第146回直木賞(平成23年/2011年下半期)決定の夜に

 ガッチガチの本命受賞、けっこうけっこう。とって当たり前だからこその「本命」ですもんね、ってことで今夜18時54分ごろに、第146回(平成23年/2011年・下半期)直木賞は、つつがなく決まりました。

 つつがなさすぎるきらいはありますけども。

 文学の人たちの話題は、いつもどおり、どうぞ芥川賞のほうに向けてもらいましょう。「未来の文学」みたいなものとは無縁である直木賞は、しっかりその無縁感を発揮してくれました。ほんと嬉しく思います。

 うちの親サイトや当ブログを以前から読んでいる方は、うすうすお気づきかもしれません。ワタクシは以前から葉室麟さんに直木賞を受賞してほしい派でした。今晩のニュースを受けて、思いが口からあふれ出そうです。……いや、まずはファン心は抑えつつ、先に、受賞しなかった5人の候補作家にメッセージを送らせてもらいます。

 『コラプティオ』が受賞していたら世の中ひっくり返ったかもしれません。でも、候補に挙がったことがきっかけで、真山仁さんの作品が今より一層、がんがん読まれるようになる、と信じたいところです。直木賞作家よりも人の心をつかんだり、のちに足跡を残したりする作家は、たーくさんいます。たぶん文学賞は日本を変えられませんし。賞なんて気にせずに、真山さんの描く未来像めざして、ぐいぐい突き進んでいただきたいと思います。

 いやあ、桜木紫乃さんの『ラブレス』。直木賞とると思ったんだけどなあ。最後は『蜩ノ記』との一騎打ちの決選投票だったらしいんですけど。個人的には『ラブレス』が直木賞受賞作リストに入らなかったことが意外です。在庫切れを起こしている書店が頻発(つまり、刷り部数が少ない)って噂も聞きますが、いいじゃないですか。書店の入口にどかんと積んである本だけが本じゃないですもん。桜木さんには、いつか直木賞とっていただいて、「最初に候補になったときは、何もかもが新鮮で……」みたいな回想インタビューを聞かせてください。
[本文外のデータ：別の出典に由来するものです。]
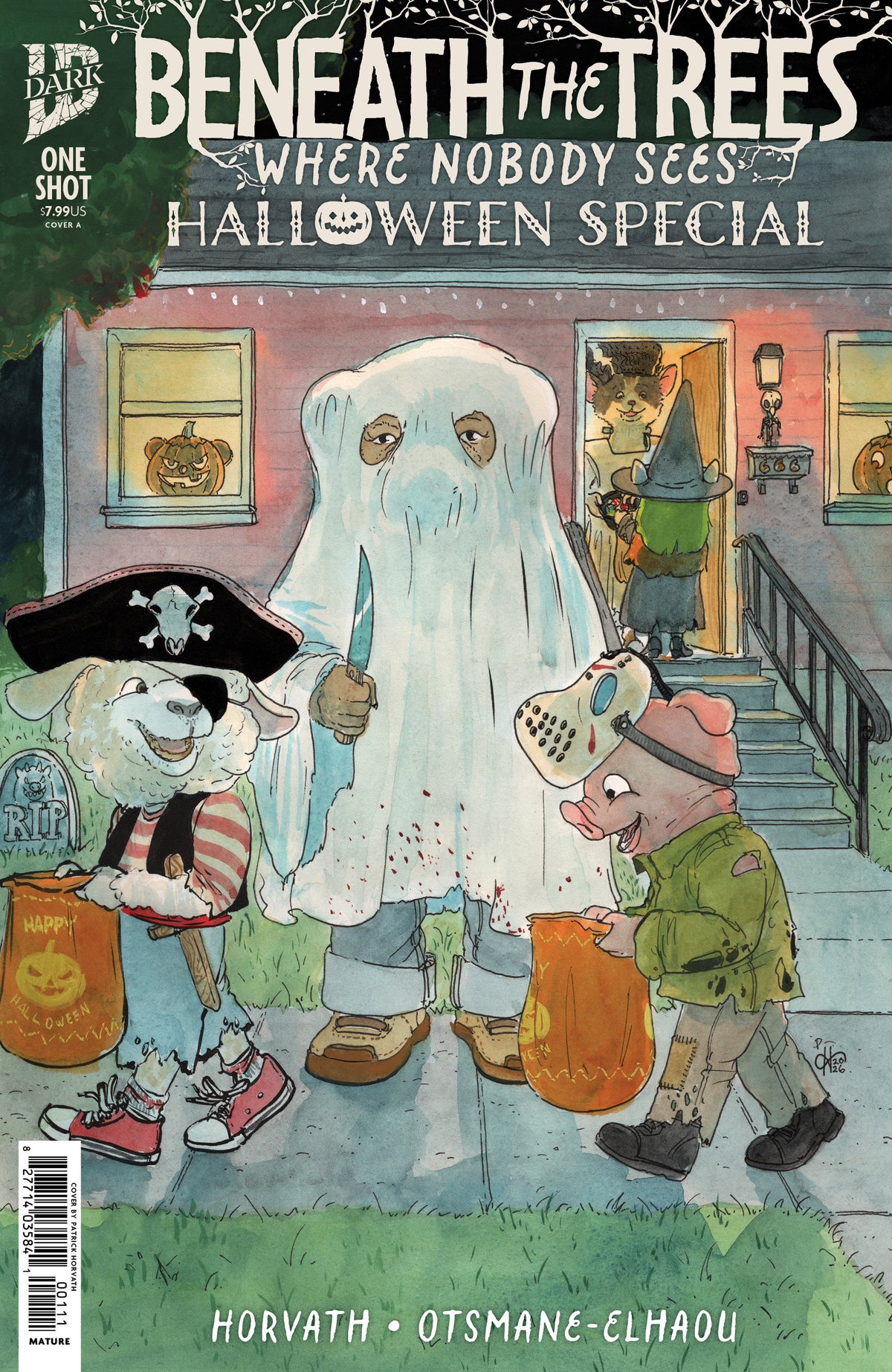 BENEATH THE TREES WHERE NOBODY SEES HALLOWEEN SPECIAL COVER A (HORVATH) (Expected in Stock 10/7/26)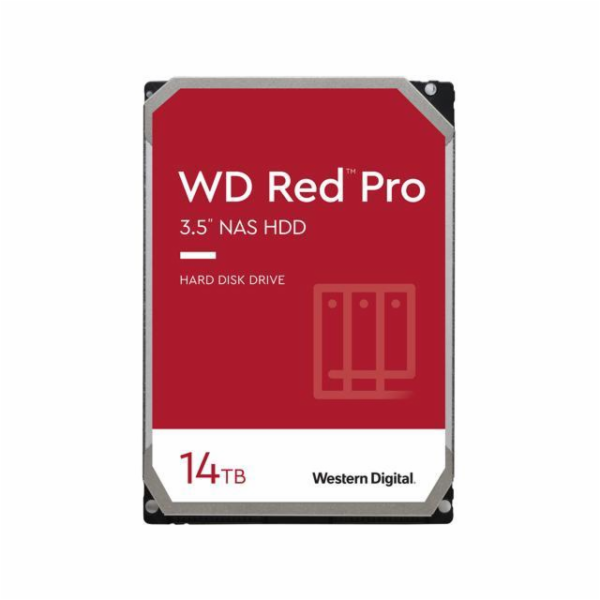 WD RED Pro NAS WD142KFGX 14TB SATAIII/600 512MB cache, 25...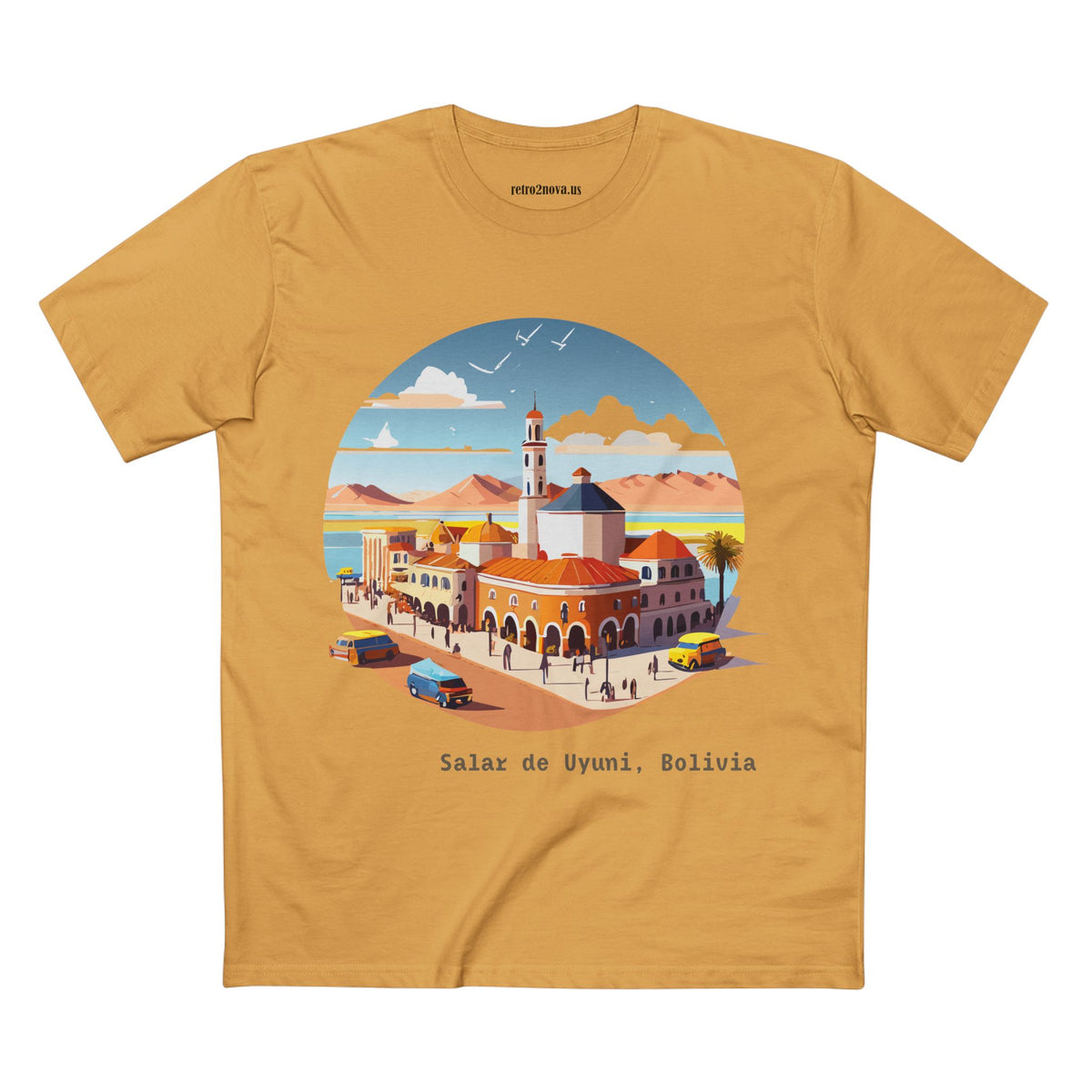 Salar de Uyuni Bolivia landscape T-Shirt | Salt Flats travel tee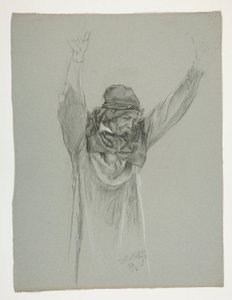 Figurenstudie für König Artus von Edwin Austin Abbey
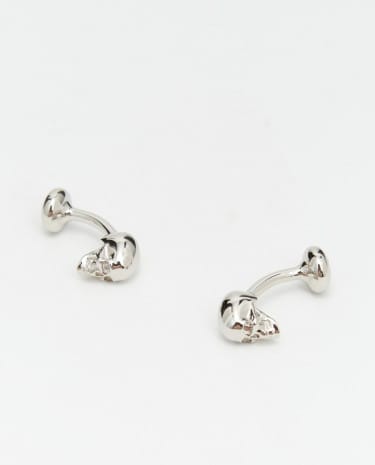 Fashion Shop - Hugo Boss Skull Cufflinks - Silver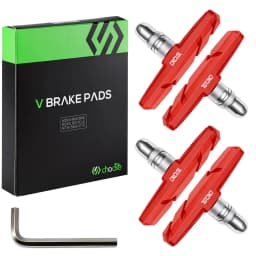 CNCLOL Bike V-Brake Pads 55mm / 70mm, Fit Mtb,Folding,BMX Bicycle Rubber Brake Shoes 2 Pairs, Fit Shimano/SRAM V Brake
 直木賞の候補になったことがあるけど、とれなくて、でも直木賞以上の実力で天下に名を知らしめる……みたいな伊東潤さんの未来を見てみたいぜ。なにせ「直木賞=天下をとる」みたいな時代は、もう過ぎ去っていますし。新たに直木賞に替わって天下一と呼ばれるようになった文学賞、か何かをバシッと受賞して、カッカッと笑い上げてほしいなあ。そういうことを伊東さんが成し遂げたら、きっとカッコいいしなあ。
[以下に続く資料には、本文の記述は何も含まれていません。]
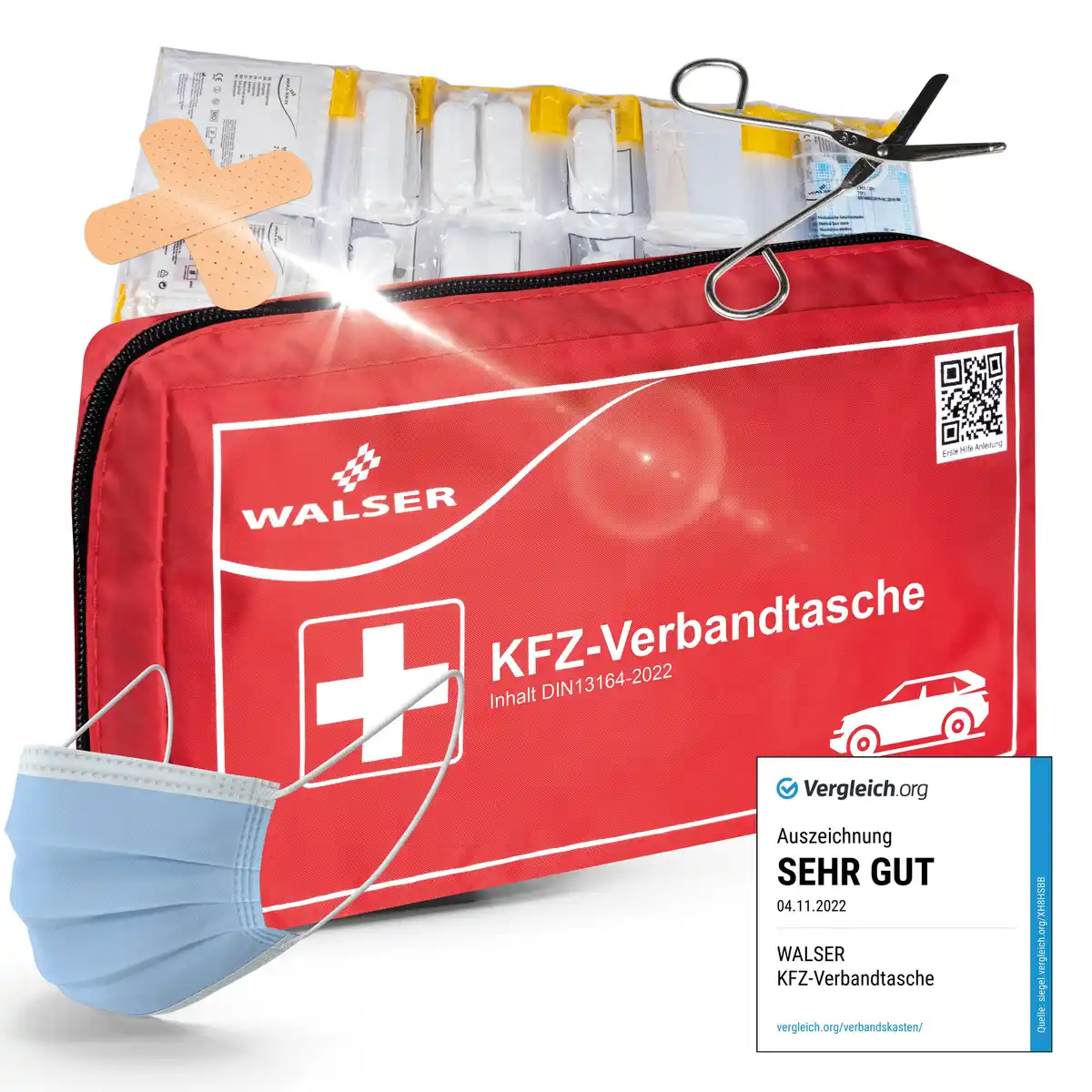 Bild 1 von Walser KFZ Verbandstasche DIN 13164:2022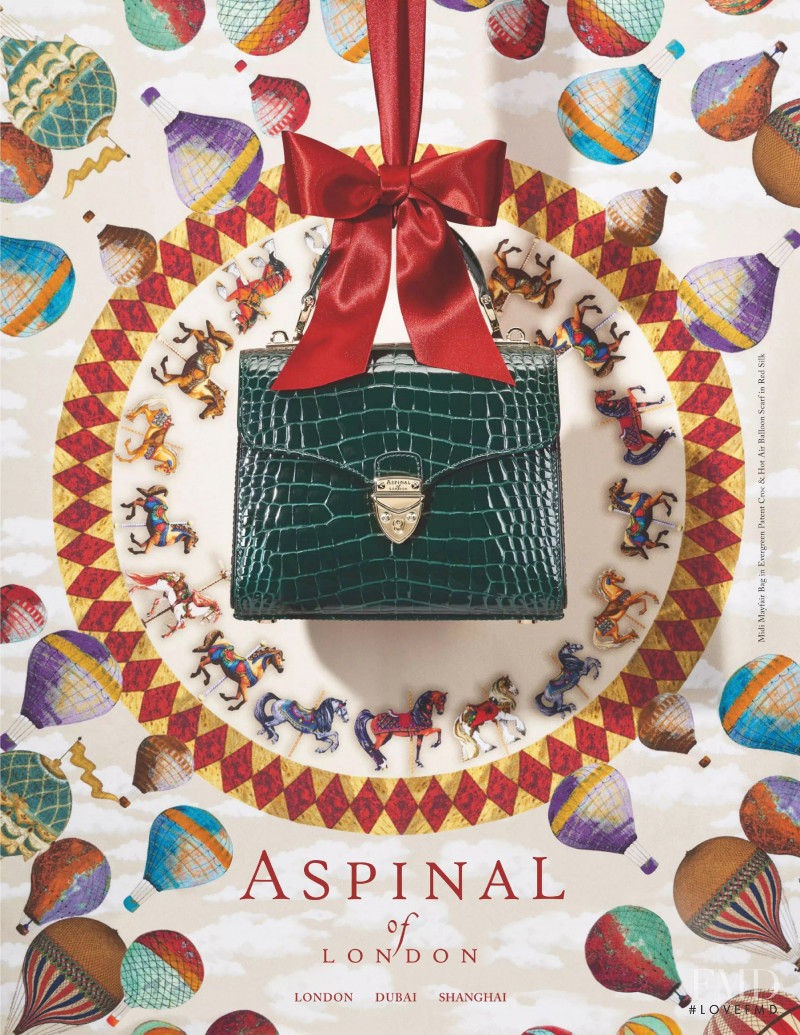 Aspinal of London advertisement for Autumn/Winter 2020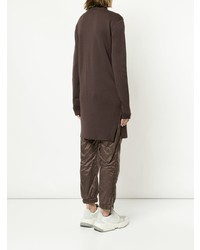 Женская темно-коричневая водолазка от Rick Owens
 歌野晶午年譜の、作家デビュー20数年後のあたりに、「直木賞候補になる」みたいな一文が加わるのも、唐突すぎて、なかなかオシャレじゃないですか。歌野さんの業績や作家生活に対して、影響を及ぼせる力は、直木賞になど、まるでないですもんね。のちのち世間話やエッセイのネタに困った折りには、直木賞候補エピソードを笑いバナシ程度にでも使ってやってくださると、直木賞も喜ぶと思います。どうぞ、よしなに。

 ワタクシが何か言う必要はありますまい。恩田陸さんに関しての直木賞に対する怒号、冷笑、絶望については、この数時間ですでに、多くの人が書いていますから。とにかく恩田さんに対しては感謝しかありません。候補入りの打診を断わることなく、周囲からさんざん勝手なことを言われる騒ぎに4度も耐え、「直木賞ファン」なんちゅうワタクシのようなキモい人種を毎回楽しませていただいて……。とるのか。とらないのか。ハラハラドキドキ感を今回も提供していただき、ありがとうございました。

          ○

 どうですか。葉室麟さんが直木賞受賞。この据わりのよさ。360度、どの角度から見ても均整のとれた美しい姿じゃないですか。

 過去4回(第140回第141回第142回第145回)、毎回、ワタクシは選考会後のエントリーで葉室さんについて泣き泣きメッセージを書いていました。そんな過去の自分に教えてやりたい。peleboよ、辛抱せよ。辛抱すれば葉室さんにお祝いの言葉を書けるときが、かならずやってくるのだぞ、と。

 『蜩ノ記』。きっと若いころ暴れ馬だった(と勝手に想像する)葉室さんならではの、気持ちのこもった作品で、楽しく読みました。さあ、これで葉室さんの活躍の場がさらに広がることでしょう(って、今もうすでに、ですか、すみません)。ミステリーやユーモア物だけじゃなくて、現代物やノンフィクション、あるいはSF、ファンタジーなどなど(?)、きっとこれまで以上に多彩な葉室さんが見られるのかと思うと、嬉しくてしかたありません。

 直木賞の場で、もう葉室さんをお見かけする機会はなくなってしまうのですが(いや、次は選考委員ですか)、いままでありがとう、これからもよろしくお願いします、です。

          ○

 何といっても今回の直木賞、最大の珍事は、「芥川賞より先に受賞発表された」って点に違いありません。19時になる前に発表ですよ、19時になる。たぶん、この興奮はほとんど誰とも共有できないとは思いますが、芥川賞より先の発表なんて、チョー珍しい。その場面を見ることができて、幸せいっぱいの1月17日でした。

 というわけで記録しておきます。以下、今回の直木賞(と芥川賞)が発表された時刻です。

  • ニコニコ生放送……芥:18時58分 直:18時54分
  • 日本文学振興会(主催者)……芥:18時58分 直:18時54分
  • 読売新聞……芥:19時00分 直:18時55分
  • 朝日新聞……芥直:19時21分
  • 毎日新聞……芥直:19時51分

 昨年第144回のニコ生での発表中継スタート以来、もうほとんど新聞社サイトの即時性に意味が薄らぎかけているなかで、読売新聞のこの頑張り。偉い!

 ニコ生もtwitterも見ていないけど、1分でも1秒でも直木賞の結果が知りたい、っていう多いのか少ないのかわからない層に向けて、その期待に応えられるよう働きつづける影の努力。多くの人に認められなくてもいい、自分は自分の信念で最大限の働きをする、みたいな人を描いた葉室麟『蜩ノ記』の世界に通ずるよなあ。……って、ずいぶん強引な締め方だと自覚しつつ。